The second topic I wanted to mention probably doesn’t come up in the top google search results, but I think it ought to. There’s this paper on the analysis of plot progressions in Project Gutenberg‘s fiction collection claiming that there are just 6 fundamental plot types. Seemingly everywhere the paper is mentioned, The Atlantic, MIT Technology Review, New York Magazine, etc., it comes with this snippet from a Kurt Vonnegut lecture, where Vonnegut anticipates similar results decades earlier. But what’s a bit unsatisfying for me, is that no one really validates the plot arcs that Vonnegut didn’t even need a model to recognize.

I set out to reproduce the last of the arcs that Vonnegut describes – the Cinderella narrative (top right in the four plots below).

vonnegut

So what does it take to distill this expected profile from the text?

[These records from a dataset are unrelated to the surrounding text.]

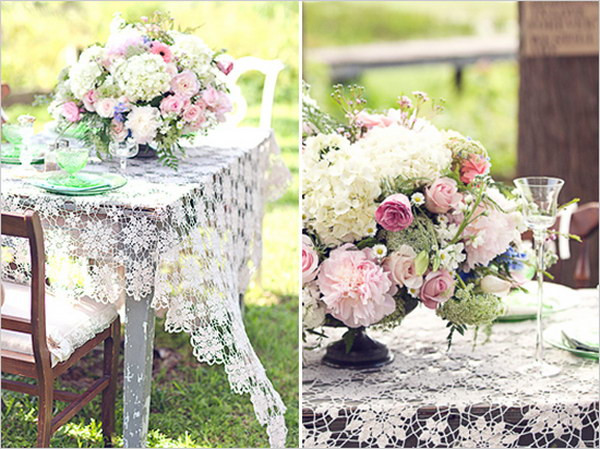 Vintage Wedding Table Decor
 50 Beautiful Rustic Wedding Decorations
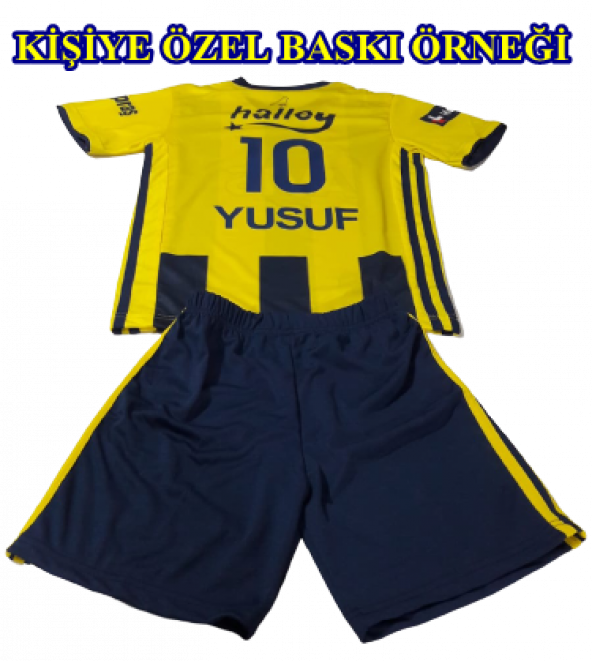 FENERBAHÇE KİŞİYE ÖZEL İSİM BASKILI ÇOCUK FORMA+ŞORT - 2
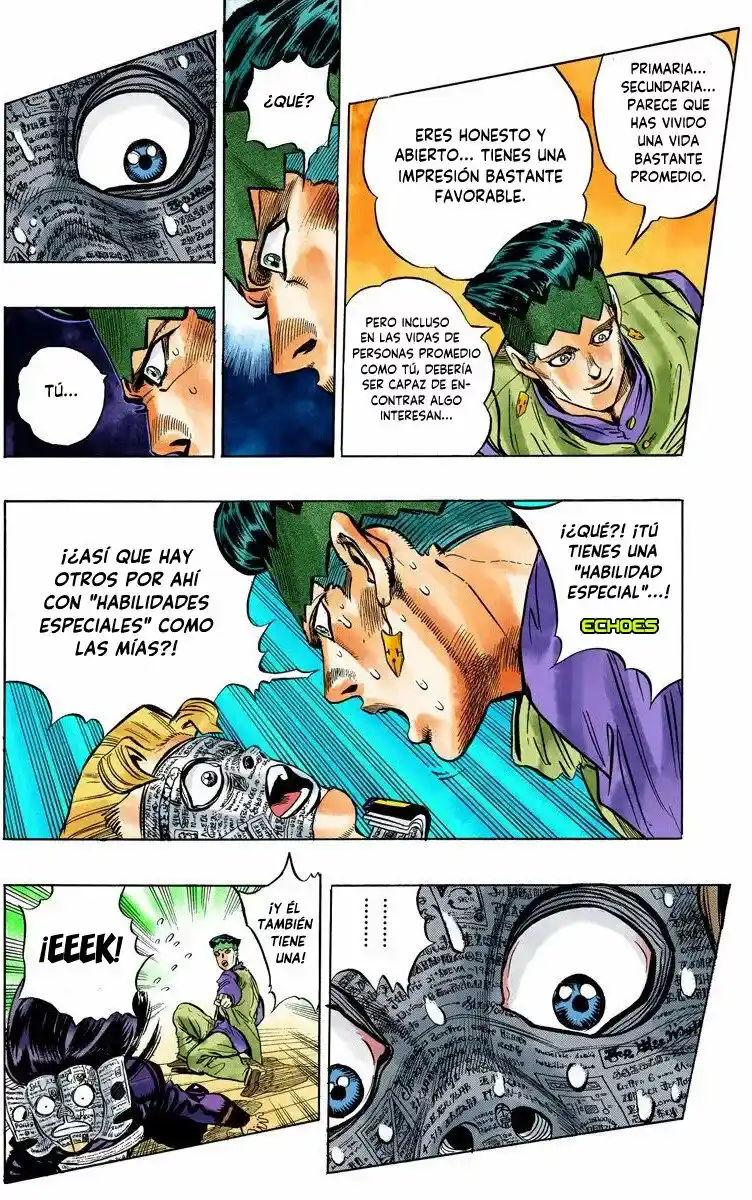 JoJo's Bizarre Adventure Parte 4: Diamond Is Unbreakable Full Color - Capítulo 54 - Página 19 - LectorTMOo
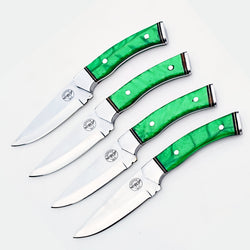 The Shamrock Steak Knife 4 Piece Set - Stainless Steel - 9"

I started with Mathew Jockers “syuzhet” R package (which incidentally his blog also links the Vonnegut lecture). The package provides pretty much everything we need: functions to parse a text into sentences, parse those sentences into word tokens, map tokens to sentiment values from various sources, then pool (read average/max) the sentiments at the sentence level, and finally obtain a smoothed narrative profile. After downloading “CINDERELLA; Or, THE LITTLE GLASS SLIPPER.” from Proj. Gutenberg and copy-pasting a few lines from the syuzhet vignette, can confirm without breaking a sweat, things for the most part check out.

library(syuzhet)
text <- get_text_as_string("./cinderella.txt")
s_v <- get_sentences(text)
s_v_sentiment <- get_sentiment(s_v)
s_v_sentiment_quantiles <- sapply(s_v_sentiment, function(i) sum(s_v_sentiment < i)/length(s_v_sentiment))
smoothed <- lowess(s_v_sentiment_quantiles, f = .25)
smoothed$y_scaled <- (smoothed$y-median(smoothed$y))/diff(range(smoothed$y))
plot(smoothed$y_scaled~smoothed$x/max(smoothed$x), 
 type= 'l', lwd= 2, col='purple',
 xlab= 'Narrative Time', 
 ylab= 'Emotional Valence')
abline(h=0, lty=2)

Tada, stamp collected!!

cinderella

Kind of surprising that assigning sentiments to individual words from a manually curated dataset can produce these results, but I guess sometimes smoothing sequential data can work magic.

What might be the global warming equivalent in the world of these narrative arcs?